Mientras la niebla matutina se levanta gracias al calor de los primeros rayos de sol y su luz se cuela por los orificios de la cabaña, Diego ajusta su equipo cuál ritual de un monje.

Revisa su GPS, carga su morral y emprende su día. Después de tantos años de labor, sus botas ya se encuentran curtidas. A su paso, marca el sendero conocido, pero siempre cambiante. Su labor, es más que una caminata de revisión, es la de un protector. Hoy, además de revisar las cámaras trampa, debe socializar con las familias cercanas al Parque sobre el nuevo protocolo para prevención de incendios forestales.  

El guardaparque es, sin duda, vital en la regeneración ecológica; su labor va más allá de vigilar, es un gestor activo del ecosistema. Su amplio conocimiento de la biodiversidad local, sumado a los inmensos esfuerzos en la reforestación de especies nativas, ayudan en la recuperación de los ecosistemas.

La ejecución de planes de control de especies invasoras que desplazan la flora y desequilibran el hábitat, son parte de sus funciones; Además, monitorear la fauna, como cóndores, jaguares

y osos andinos, evaluando la salud del territorio. Su capacidad física es igualada por su compromiso con la ciencia y el material que recopila es vital para la existencia del Parque.

A menudo el trabajo más silencioso es el más importante. En este caso es igual, el trabajo en el ámbito social pasa desapercibido, pero es fundamental. Su función con las comunidades se centra en la mediación, resolviendo disputas por el uso del suelo e incentivando la corresponsabilidad en la sostenibilidad y conservación. Los programas de educación ambiental hacen parte de su trabajo, ayudan a transformar la percepción del Parque, facilitando la confianza entre la institución y la población local. 

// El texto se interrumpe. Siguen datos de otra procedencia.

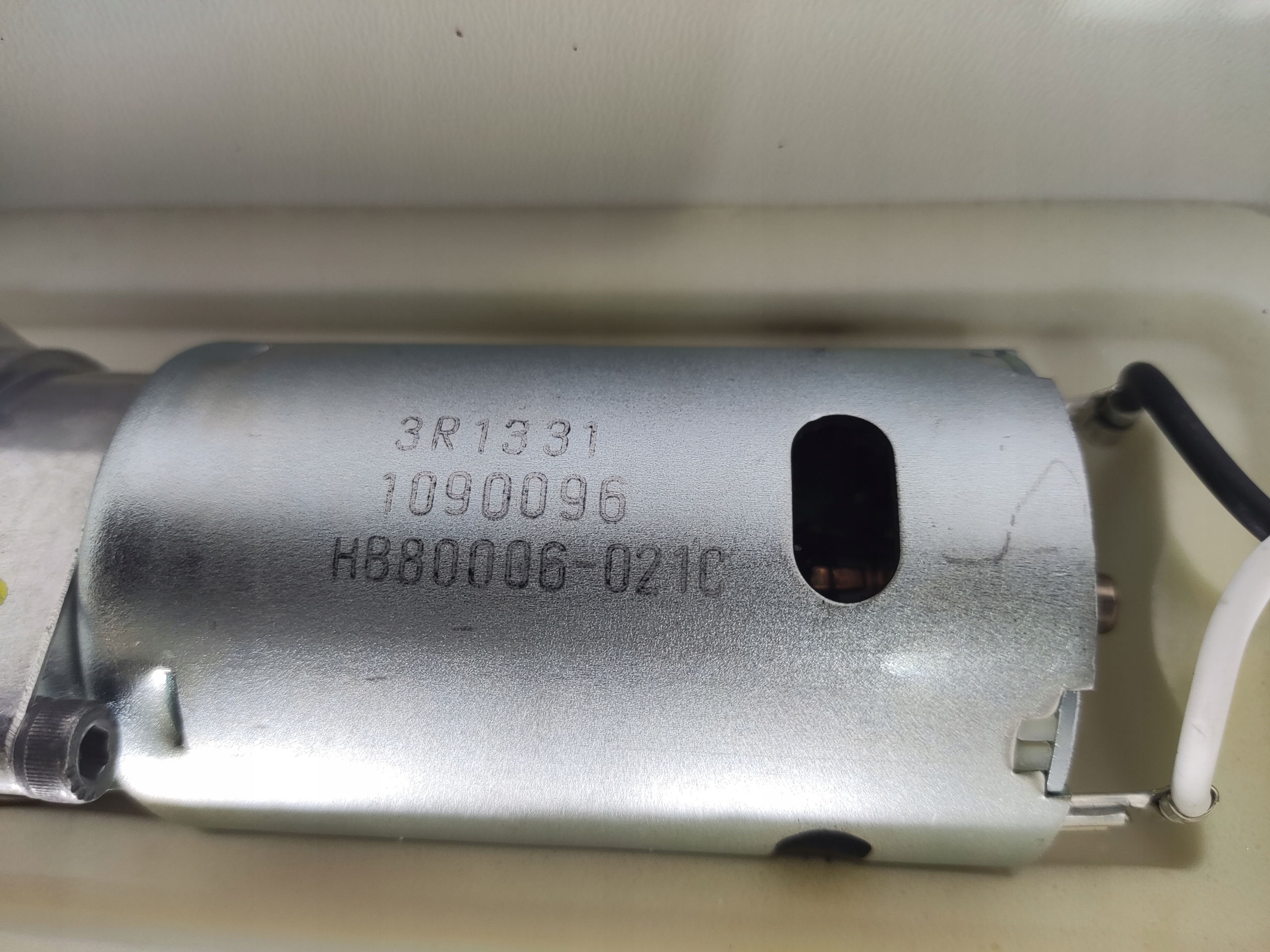 ČERPADLO VZPERA ZADNEJ KAPOTY OPEL INSIGNIA A I KOMBI 2013-17 LIFT 1090096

Su compromiso y resistencia durante más de una década, no solo se mide en la extensión de páramo recuperado, sino en el número de jóvenes del territorio son parte hoy de procesos de conservación, augurando un futuro más prometedor para el Parque. Diego, con diálogo, paciencia y ejemplo de una vida apasionada y dedicada a la protección, ha demostrado que preservar es un acto de resiliencia humana.  

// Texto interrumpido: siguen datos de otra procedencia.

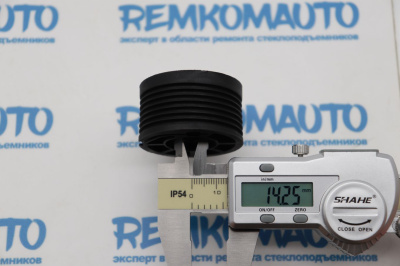 Ролик стеклоподъемника (катушка стеклоподъемника) 771607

Al final del día, cuando el sol se oculta, Diego se toma el tiempo de revisar sus hallazgos. La regeneración se evidencia, hay nuevos brotes en zonas impactadas, pero para él, su verdadero triunfo está en la felicidad de la comunidad al ver orgullosos como sus reservas crecen. Su labor culmina con la construcción de vínculos entre la gente y su territorio, es una regeneración que va más allá de la fauna y flora; son los arquitectos de una cultura donde la conservación, la identidad y la paz se entrelazan.